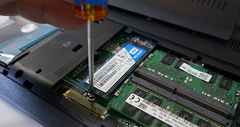  Chi tiết cách lắp ổ cứng SSD cho laptop đơn giản nhất 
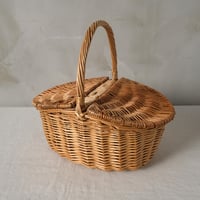 ウィッカーバスケット　蓋付き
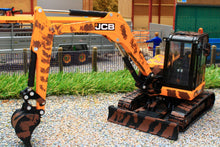 Load image into Gallery viewer, 43279 BRITAINS MUDDY JCB MIDI EXCAVATOR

Directions. Word for word, retype the lines from the one with "ウィッカーバスケット　蓋付き" through the final line of the data, both included. No pictures belong in the copy.

Result of the task.
 ウィッカーバスケット　蓋付き
 Load image into Gallery viewer, 43279 BRITAINS MUDDY JCB MIDI EXCAVATOR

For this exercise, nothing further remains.